NCPA - National Center for Policy Analysis


March 15, 2010

While President Obama's push to raise federal income taxes for the wealthy gets lots of attention, the continuing upward creep in the sales tax rates imposed by state and local governments has gotten less notice. 

According to Vertex Inc., which calculates sales tax for Internet sellers: 

  • The average general sales tax rate nationwide reached 8.629 percent at the end of 2009 -- the highest since the Berwyn, Pa., company started tracking data in 1982.
  • That was up a nickel on a taxable $100 purchase from a year earlier and up nearly 40 cents for the decade.
  • The highest sales tax rate in the country now stands at 12 percent. 


  • During 2009 seven states and the District of Columbia raised sales tax rates, with one jurisdiction -- North Carolina -- actually doing it twice.
  • Only four states hiked rates in 2008 and only one in 2007.  
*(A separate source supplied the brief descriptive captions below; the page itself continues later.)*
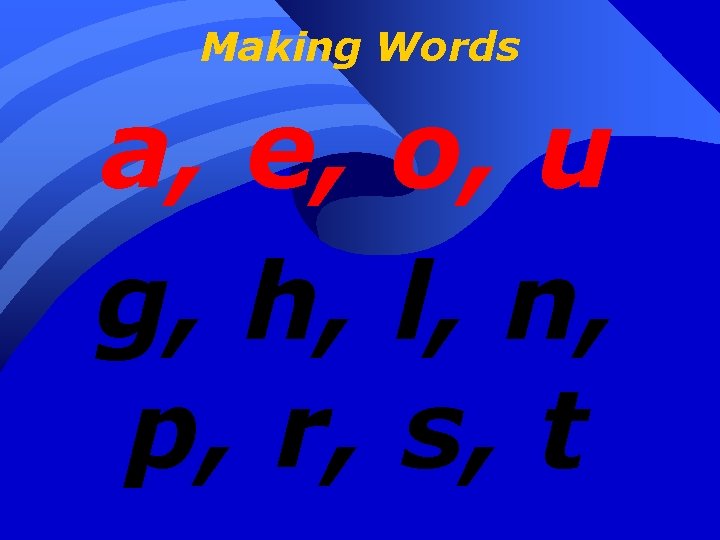 Making Words a, e, o, u g, h, l, n, p, r, s, t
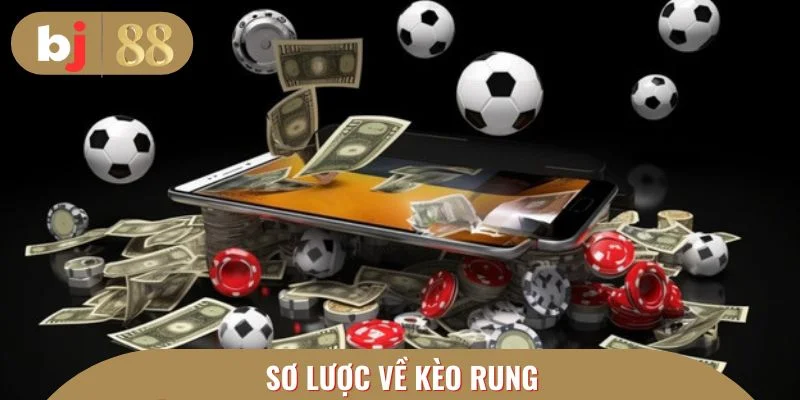 Tổng quát về kèo rung cho người mới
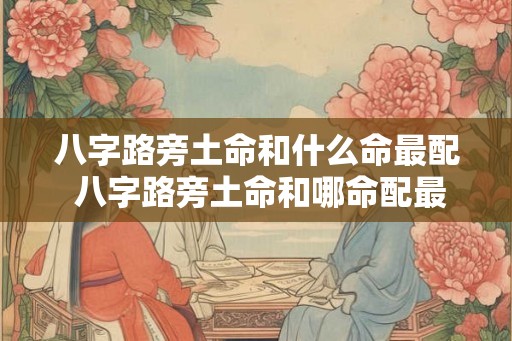 八字路旁土命和什么命最配 八字路旁土命和哪命配最好 八字路旁土命和什么命最配 八字路旁土命和哪命配最好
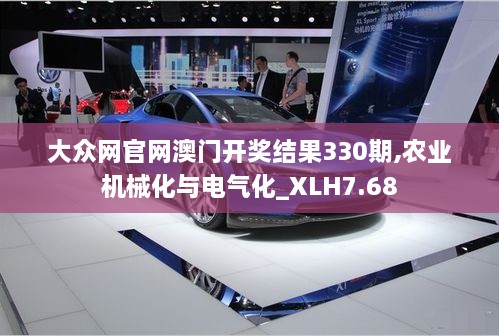 大众网官网澳门开奖结果330期,农业机械化与电气化_XLH7.68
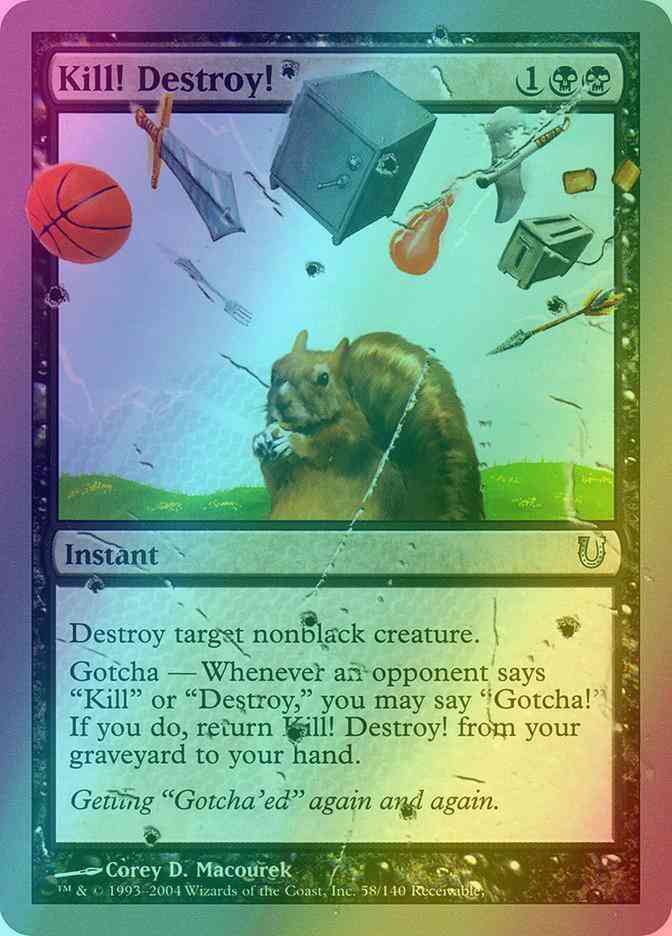 Kill! Destroy! [58] [Unhinged] [Foil]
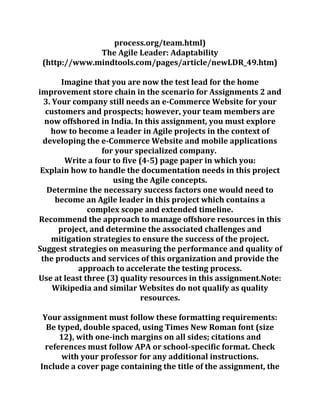 process.org/team.html)
The Agile Leader: Adaptability
(http://www.mindtools.com/pages/article/newLDR_49.htm)
Imagine that you are now the test lead for the home
improvement store chain in the scenario for Assignments 2 and
3. Your company still needs an e-Commerce Website for your
customers and prospects; however, your team members are
now offshored in India. In this assignment, you must explore
how to become a leader in Agile projects in the context of
developing the e-Commerce Website and mobile applications
for your specialized company.
Write a four to five (4-5) page paper in which you:
Explain how to handle the documentation needs in this project
using the Agile concepts.
Determine the necessary success factors one would need to
become an Agile leader in this project which contains a
complex scope and extended timeline.
Recommend the approach to manage offshore resources in this
project, and determine the associated challenges and
mitigation strategies to ensure the success of the project.
Suggest strategies on measuring the performance and quality of
the products and services of this organization and provide the
approach to accelerate the testing process.
Use at least three (3) quality resources in this assignment.Note:
Wikipedia and similar Websites do not qualify as quality
resources.
Your assignment must follow these formatting requirements:
Be typed, double spaced, using Times New Roman font (size
12), with one-inch margins on all sides; citations and
references must follow APA or school-specific format. Check
with your professor for any additional instructions.
Include a cover page containing the title of the assignment, the
 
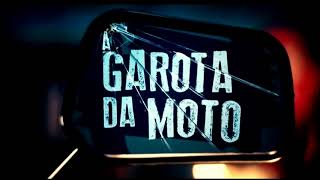 1º Teaser de quotA Garota da Motoquot 2 Temporada SBT2019 [upl. by Edrahs881]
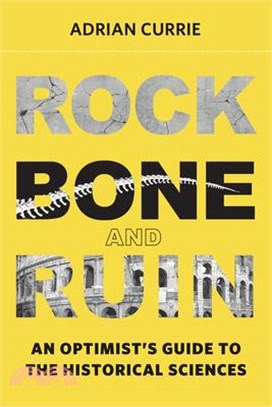 Rock, Bone, and Ruin: An Optimist's Guide to the Historical Sciences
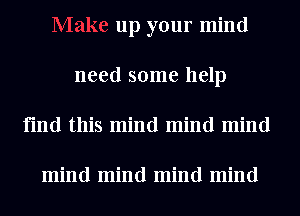 up your mind
need some help
find this mind mind mind

mind mind mind mind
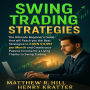 SWING TRADING STRATEGIES: The Ultimate Beginner's Guide that will Teach you the Best Strategies to EARN $ 11,997 per month and Create your Passive Income for a Living Thanks to Swing Trading.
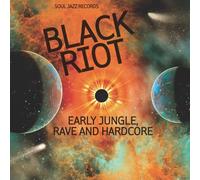 SOUL JAZZ RECORDS PRESENTS/BLACK RIOT:EARLY JUNGLE,RAVE+HARDCORE 2 LP + MP3 NEW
Given state budget problems, the 2009 state sales tax increases aren't surprising, says Forbes.  States have also been raising income tax rates on the wealthy and corporations, and boosting excise taxes on alcohol and tobacco.  With states now facing record budget shortfalls, more tax increases seem likely. 

State level sales tax generally accounts for only about two-thirds of the total sales tax bill.  The rest comes from levies assessed by counties, municipalities, Indian tribes and special-purpose taxing districts funding mass transit, urban renewal and even stadiums.  Among lower level jurisdictions such as counties and towns, Vertex counted 649 new or increased sales tax rates during 2009 and just 192 reductions. 

The result is a wide range of combined sales tax rates across the country, says Forbes.  Among big cities:

  • Chicago has the highest big-city rate, 10.25 percent, but in a move forced by Cook County lawmakers, the rate is scheduled to drop on July 1 to 9.75 percent, matching that of Los Angeles.
  • In New York City the total bite is 8.875 percent.
  • Other high big-city rates include San Francisco and Seattle (9.5 percent), New Orleans (9 percent), Houston, Dallas and Charlotte (8.25 percent), Las Vegas (8.1 percent), and Philadelphia and Atlanta (8 percent).